◆ Exercise requirements ◆
Your answer must be an exact copy of the listing that follows, with all pictures omitted.

——

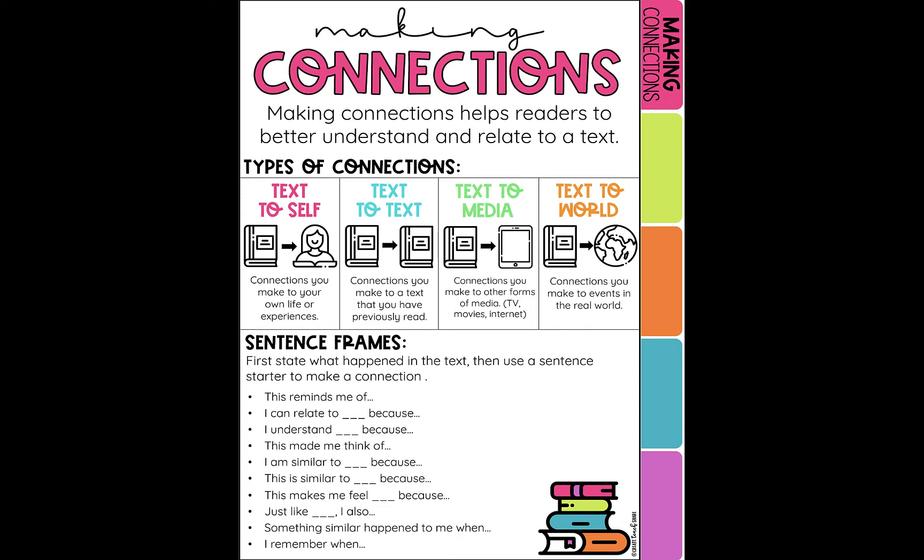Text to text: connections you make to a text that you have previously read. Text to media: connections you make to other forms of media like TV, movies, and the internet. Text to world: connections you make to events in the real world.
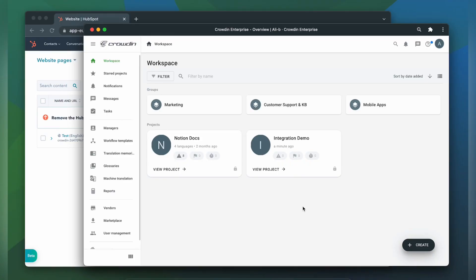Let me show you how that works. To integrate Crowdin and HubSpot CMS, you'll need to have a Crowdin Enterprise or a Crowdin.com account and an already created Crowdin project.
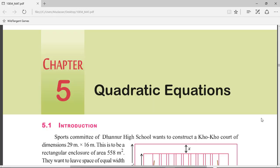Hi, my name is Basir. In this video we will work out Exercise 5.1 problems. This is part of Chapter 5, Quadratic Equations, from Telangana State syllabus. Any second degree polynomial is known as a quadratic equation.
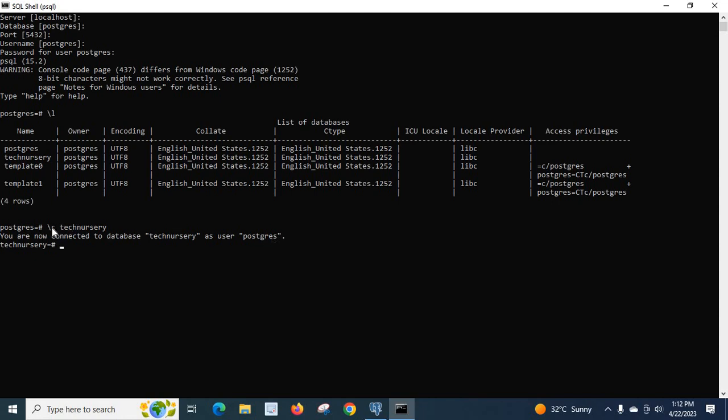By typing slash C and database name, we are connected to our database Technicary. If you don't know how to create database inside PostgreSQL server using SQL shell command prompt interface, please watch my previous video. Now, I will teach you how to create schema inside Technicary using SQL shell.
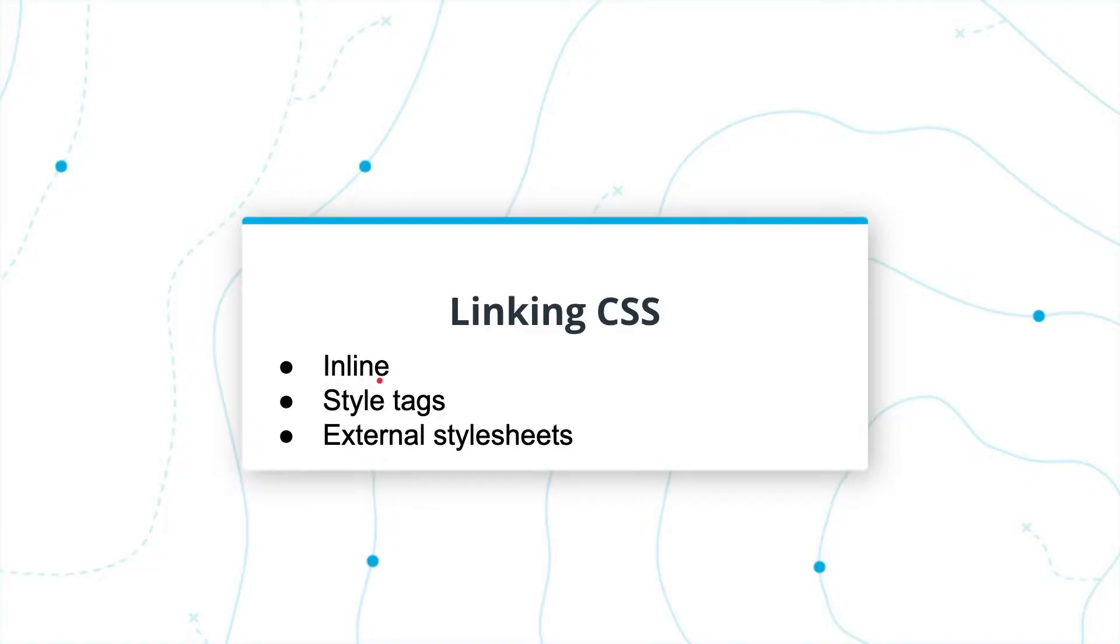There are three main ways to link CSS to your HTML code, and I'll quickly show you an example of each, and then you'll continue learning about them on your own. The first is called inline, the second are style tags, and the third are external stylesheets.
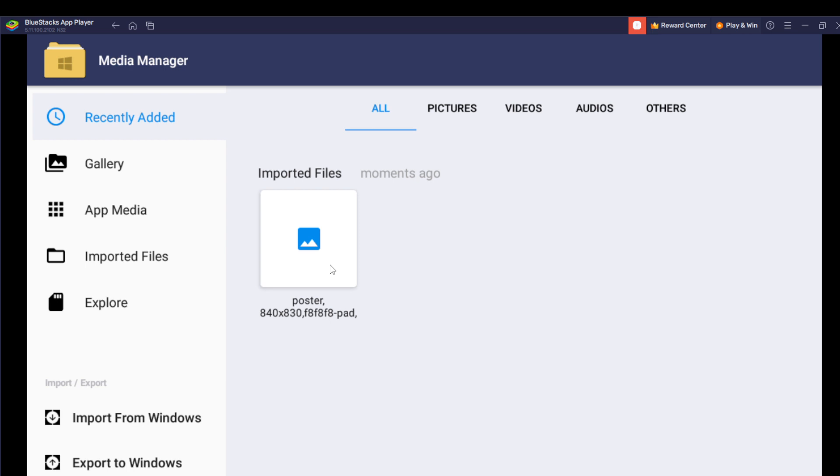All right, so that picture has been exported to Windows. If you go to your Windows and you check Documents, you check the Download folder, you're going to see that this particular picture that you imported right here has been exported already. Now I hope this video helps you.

——

◆ Answer section ◆
Text to text: connections you make to a text that you have previously read. Text to media: connections you make to other forms of media like TV, movies, and the internet. Text to world: connections you make to events in the real world.
Let me show you how that works. To integrate Crowdin and HubSpot CMS, you'll need to have a Crowdin Enterprise or a Crowdin.com account and an already created Crowdin project.
Hi, my name is Basir. In this video we will work out Exercise 5.1 problems. This is part of Chapter 5, Quadratic Equations, from Telangana State syllabus. Any second degree polynomial is known as a quadratic equation.
By typing slash C and database name, we are connected to our database Technicary. If you don't know how to create database inside PostgreSQL server using SQL shell command prompt interface, please watch my previous video. Now, I will teach you how to create schema inside Technicary using SQL shell.
There are three main ways to link CSS to your HTML code, and I'll quickly show you an example of each, and then you'll continue learning about them on your own. The first is called inline, the second are style tags, and the third are external stylesheets.
All right, so that picture has been exported to Windows. If you go to your Windows and you check Documents, you check the Download folder, you're going to see that this particular picture that you imported right here has been exported already. Now I hope this video helps you.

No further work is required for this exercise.